There are seven basic ways to get your green card in America. Each category has many subdivisions, and for each, you must follow certain procedures. For example, if you get married to a U.S. citizen who lives abroad and you want to join him or her in America, there are three subcategories under that first category, such as Immediate Relative of an American Citizen: Spouse of a U.S. Citizen; these include (1) Immediate Relative-Non-Immigrant Visa; (2) K-3 Nonimmigrant Visa (for spouses of citizens); and (3) K-4 Nonimmigrant Visa (for children under 21). And so on—seven ways to get your green card! But not to worry!
How many types of Green Cards are there in the US?
There are basically four categories of Green Cards, each one with their separate visas and requirements: Family-sponsored Green Cards – this Green Card is given to you if you have close family in the US and you want to reunite with them.
What are the different types of Green Cards?
- Green Card for Employment-Based Immigrants.

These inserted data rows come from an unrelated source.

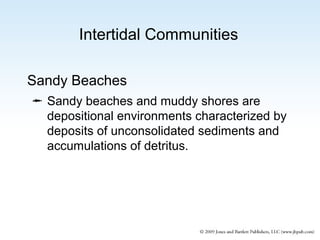 Intertidal Communities
Sandy Beaches
 Sandy beaches and muddy shores are
depositional environments characterized by
deposits of unconsolidated sediments and
accumulations of detritus.

 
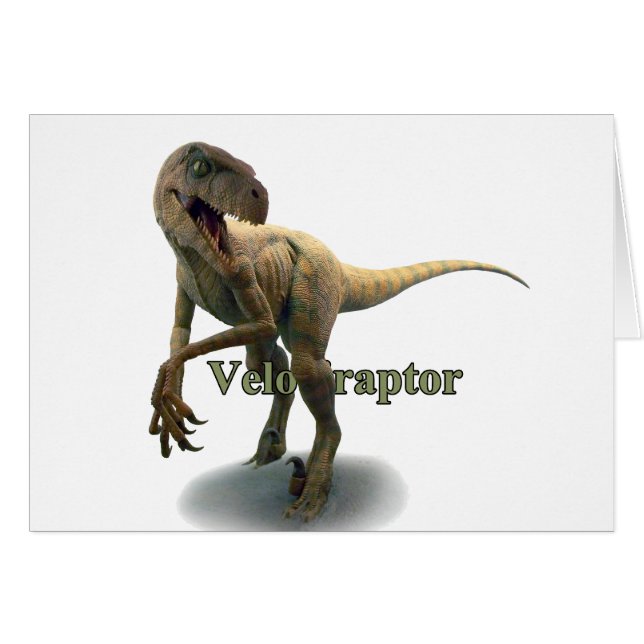 Velociraptor (Devant horizontal)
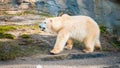 Close up shot of polar bear at zoo by the day Royalty Free Stock Photo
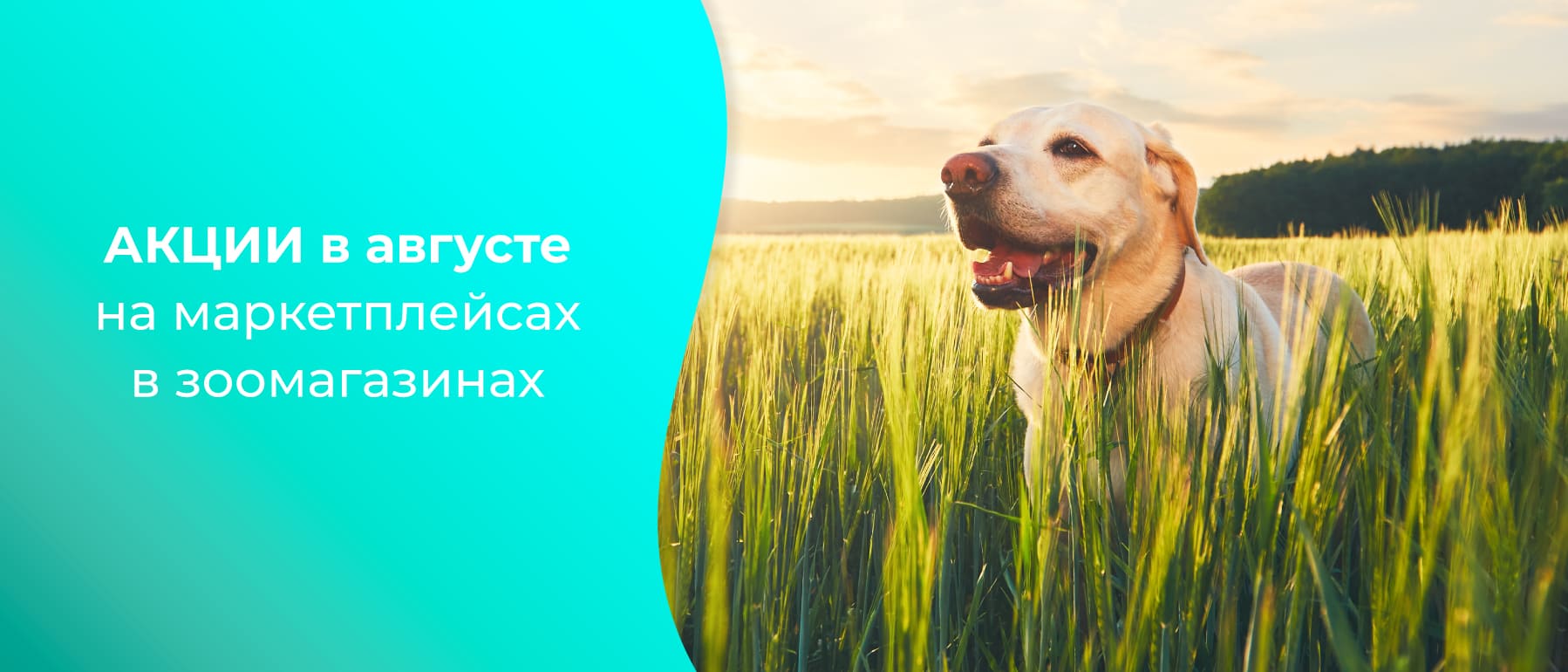 akcii produkciya veda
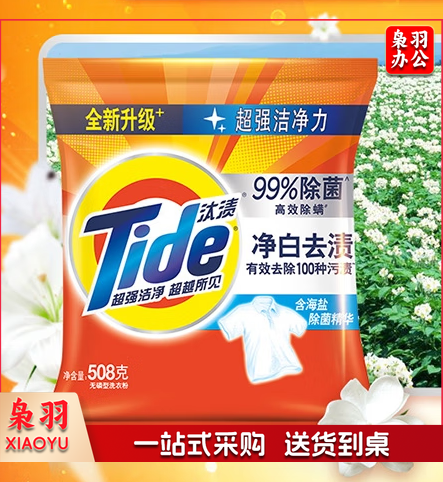 汰渍洗衣粉净白去渍508g小袋小包装无磷强效去油去渍家庭整箱批发团购 汰渍洗衣粉508g*1包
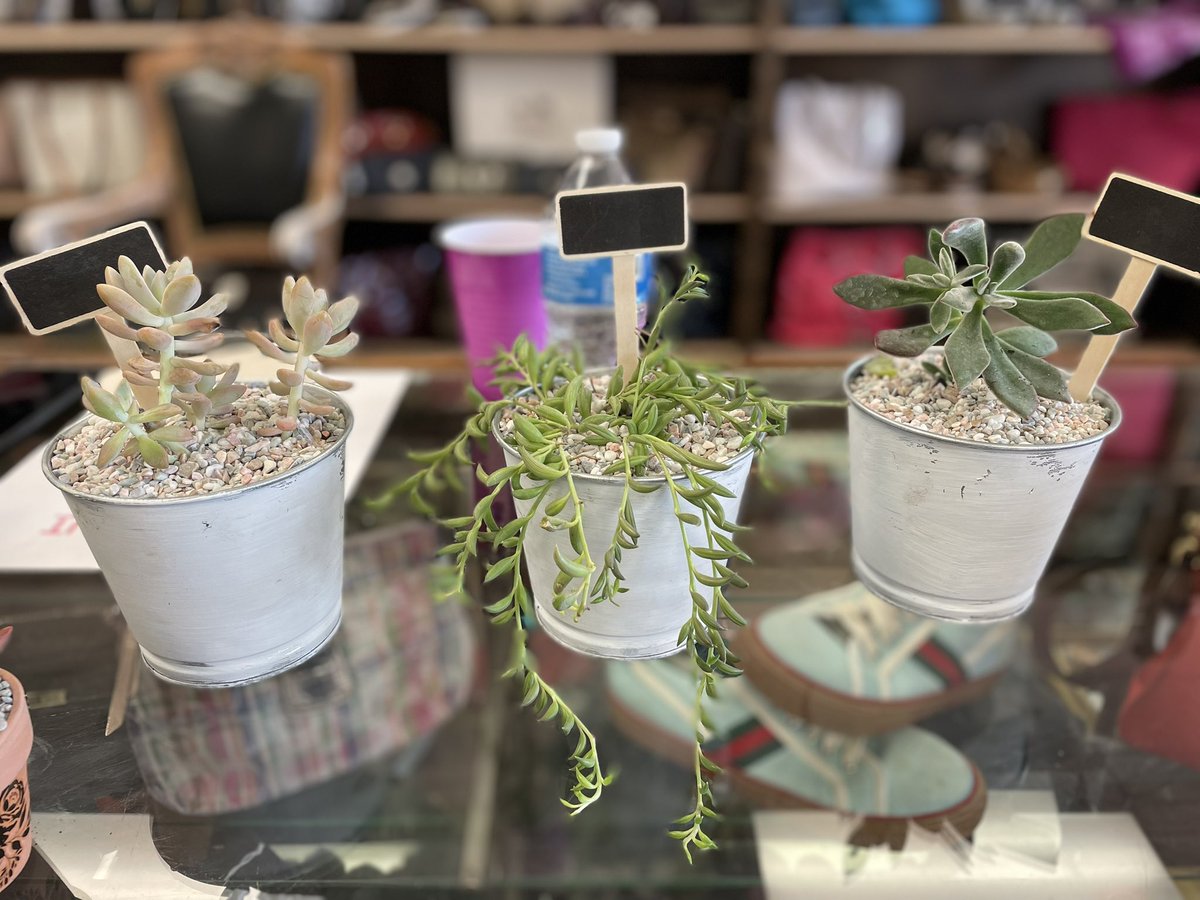 csmithmrss1's tweet photo. New classroom decor created tonight at Wild Roots Bloomcore
goods located in Hailey James’ Exchange. Am I becoming a Plant Lady?
https://t.co/VYCSTz1SVD https://t.co/37ZKuB7IoW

- Green Card for Family Preference Immigrants.
- Green Card for an Immediate Relative of a U.S. Citizen.
What are the 4 types of immigrants?
These Are the Four Types of Immigration Statuses in the US. When immigrating to the US, there are four different immigration status categories that immigrants may fall into: citizens, residents, non-immigrants, and undocumented immigrants.
What visa type is a green card?
Green cards are technically a type of visa that allows for permanent residence. Green cards are issued after arrival in the United States. To qualify for a green card, the applicant must have an immigrant visa already, and applications are made to U.S. Citizenship and Immigration Services (USCIS).